= L'Empereur, sa femme et le petit prince =

19th century French folk song

"L'Empereur, sa femme et le petit prince" is a French folk song of the second half of the 19th century, making a reference to Napoleon III, Empress Eugénie and the Prince impérial.

It is also known with the lyrics "le roi, la reine et le petit prince" (the king, the queen, and the little prince) and "Puisque c'est comme ça" rather than "Puisque c'est ainsi" (both "because it's like this" or "since this is how it is").

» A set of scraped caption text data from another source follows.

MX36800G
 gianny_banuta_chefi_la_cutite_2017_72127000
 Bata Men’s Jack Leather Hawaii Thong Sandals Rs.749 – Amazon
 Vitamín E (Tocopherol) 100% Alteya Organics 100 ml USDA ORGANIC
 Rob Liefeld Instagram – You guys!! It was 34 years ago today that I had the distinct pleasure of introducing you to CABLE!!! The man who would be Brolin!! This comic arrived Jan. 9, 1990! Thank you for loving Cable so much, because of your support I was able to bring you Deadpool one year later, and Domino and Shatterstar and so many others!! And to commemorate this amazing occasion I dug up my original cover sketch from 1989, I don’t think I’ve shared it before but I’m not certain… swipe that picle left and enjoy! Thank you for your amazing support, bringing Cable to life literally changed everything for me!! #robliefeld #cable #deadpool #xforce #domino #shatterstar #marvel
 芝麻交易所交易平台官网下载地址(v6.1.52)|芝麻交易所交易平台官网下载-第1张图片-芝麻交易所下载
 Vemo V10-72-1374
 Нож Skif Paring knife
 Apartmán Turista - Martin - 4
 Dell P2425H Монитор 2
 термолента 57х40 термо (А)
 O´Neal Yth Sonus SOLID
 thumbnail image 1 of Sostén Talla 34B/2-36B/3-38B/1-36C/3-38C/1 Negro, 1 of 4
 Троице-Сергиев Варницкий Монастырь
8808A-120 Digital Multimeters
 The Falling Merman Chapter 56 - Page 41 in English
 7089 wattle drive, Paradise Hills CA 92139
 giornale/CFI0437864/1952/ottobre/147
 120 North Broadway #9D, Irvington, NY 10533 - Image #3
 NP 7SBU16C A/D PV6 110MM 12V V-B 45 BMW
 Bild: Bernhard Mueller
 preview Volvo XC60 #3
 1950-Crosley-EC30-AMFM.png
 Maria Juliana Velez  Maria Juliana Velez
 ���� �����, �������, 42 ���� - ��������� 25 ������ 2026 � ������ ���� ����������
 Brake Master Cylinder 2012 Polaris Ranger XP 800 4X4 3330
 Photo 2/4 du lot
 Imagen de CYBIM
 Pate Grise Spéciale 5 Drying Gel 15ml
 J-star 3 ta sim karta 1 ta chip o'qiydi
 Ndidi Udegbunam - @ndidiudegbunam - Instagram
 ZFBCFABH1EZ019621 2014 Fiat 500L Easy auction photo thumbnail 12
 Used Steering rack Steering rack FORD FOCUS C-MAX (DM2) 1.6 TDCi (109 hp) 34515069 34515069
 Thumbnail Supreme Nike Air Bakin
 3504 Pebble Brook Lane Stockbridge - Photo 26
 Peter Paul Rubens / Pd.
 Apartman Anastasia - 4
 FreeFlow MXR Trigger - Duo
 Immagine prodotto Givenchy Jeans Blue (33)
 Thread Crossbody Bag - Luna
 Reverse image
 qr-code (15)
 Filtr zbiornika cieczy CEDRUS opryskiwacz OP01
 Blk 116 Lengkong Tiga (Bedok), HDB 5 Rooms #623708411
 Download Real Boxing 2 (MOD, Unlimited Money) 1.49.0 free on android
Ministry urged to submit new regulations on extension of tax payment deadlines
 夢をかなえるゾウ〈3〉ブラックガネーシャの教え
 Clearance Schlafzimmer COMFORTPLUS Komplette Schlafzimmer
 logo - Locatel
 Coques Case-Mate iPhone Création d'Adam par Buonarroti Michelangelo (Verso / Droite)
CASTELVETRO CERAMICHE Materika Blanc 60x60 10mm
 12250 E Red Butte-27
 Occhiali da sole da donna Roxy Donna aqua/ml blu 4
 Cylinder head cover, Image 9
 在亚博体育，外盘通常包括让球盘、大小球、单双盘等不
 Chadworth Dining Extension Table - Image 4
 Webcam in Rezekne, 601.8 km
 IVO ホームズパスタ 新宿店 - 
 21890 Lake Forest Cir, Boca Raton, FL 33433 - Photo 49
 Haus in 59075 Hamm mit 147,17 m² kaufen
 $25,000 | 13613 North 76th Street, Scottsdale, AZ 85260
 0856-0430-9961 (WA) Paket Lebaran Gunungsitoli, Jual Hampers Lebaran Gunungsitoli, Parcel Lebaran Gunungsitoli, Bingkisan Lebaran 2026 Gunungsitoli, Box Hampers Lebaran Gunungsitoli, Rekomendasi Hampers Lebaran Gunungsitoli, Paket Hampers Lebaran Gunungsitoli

This song is used to teach the days of the week to children in French.

== Lyrics ==

- 1
Lundi matin,
L’empereur, sa femme et le p’tit prince
Sont venus chez moi, pour me serrer la pince.
Comme j’étais parti,
Le p’tit prince a dit :
« Puisque c’est ainsi, nous reviendrons mardi. »

- 2
Mardi matin,
L’empereur, sa femme et le p’tit prince
Sont venus chez moi, pour me serrer la pince.
Comme j’étais parti,
Le p’tit prince a dit :
« Puisque c’est ainsi, nous reviendrons mercredi. »

- 3
Mercredi matin,
L’empereur, sa femme et le p’tit prince
Sont venus chez moi, pour me serrer la pince.
Comme j’étais parti,
Le p’tit prince a dit :
« Puisque c’est ainsi, nous reviendrons jeudi. »

- 4
Jeudi matin,
L’empereur, sa femme et le p’tit prince
Sont venus chez moi, pour me serrer la pince.
Comme j’étais parti,
Le p’tit prince a dit :
« Puisque c’est ainsi, nous reviendrons vendredi. »

- 5
Vendredi matin,
L’empereur, sa femme et le p’tit prince
Sont venus chez moi, pour me serrer la pince.
Comme j’étais parti,
Le p’tit prince a dit :
« Puisque c’est ainsi, nous reviendrons samedi. »

- 6
Samedi matin,
L’empereur, sa femme et le p’tit prince
Sont venus chez moi, pour me serrer la pince.
Comme j’étais parti,
Le p’tit prince a dit :
« Puisque c’est ainsi, nous reviendrons dimanche. »

- 7
Dimanche matin,
L’empereur, sa femme et le p’tit prince
Sont venus chez moi, pour me serrer la pince.
Comme j’étais parti,
Le p’tit prince a dit :
« Puisque c’est ainsi, nous ne reviendrons plus. »

== English translation ==
Monday morning,
The emperor, his wife and the little prince
Came to my house, to shake my hand.
As I was gone,
The little prince said:
"Since that's how it is, we'll come back on Tuesday. "

Tuesday morning,
The emperor, his wife and the little prince
Came to my house, to shake my hand.
As I was gone,
The little prince said:
"Since that's how it is, we'll come back on Wednesday. "

Wednesday morning,
The emperor, his wife and the little prince
Came to my house, to shake my hand.
As I was gone,
The little prince said:
"Since that's how it is, we'll come back on Thursday. "

Thursday morning,
The emperor, his wife and the little prince
Came to my house, to shake my hand.
As I was gone,
The little prince said:
"Since that's how it is, we'll come back on Friday. "

Friday morning,
The emperor, his wife and the little prince
Came to my house, to shake my hand.
As I was gone,
The little prince said:
"Since that's how it is, we'll come back on Saturday. "

Saturday morning,
The emperor, his wife and the little prince
Came to my house, to shake my hand.
As I was gone,
The little prince said:
"Since that's how it is, we'll come back on Sunday. "

Sunday morning,
The emperor, his wife and the little prince
Came to my house, to shake my hand.
As I was gone,
The little prince said:
"Since that's how it is, we won't come back again."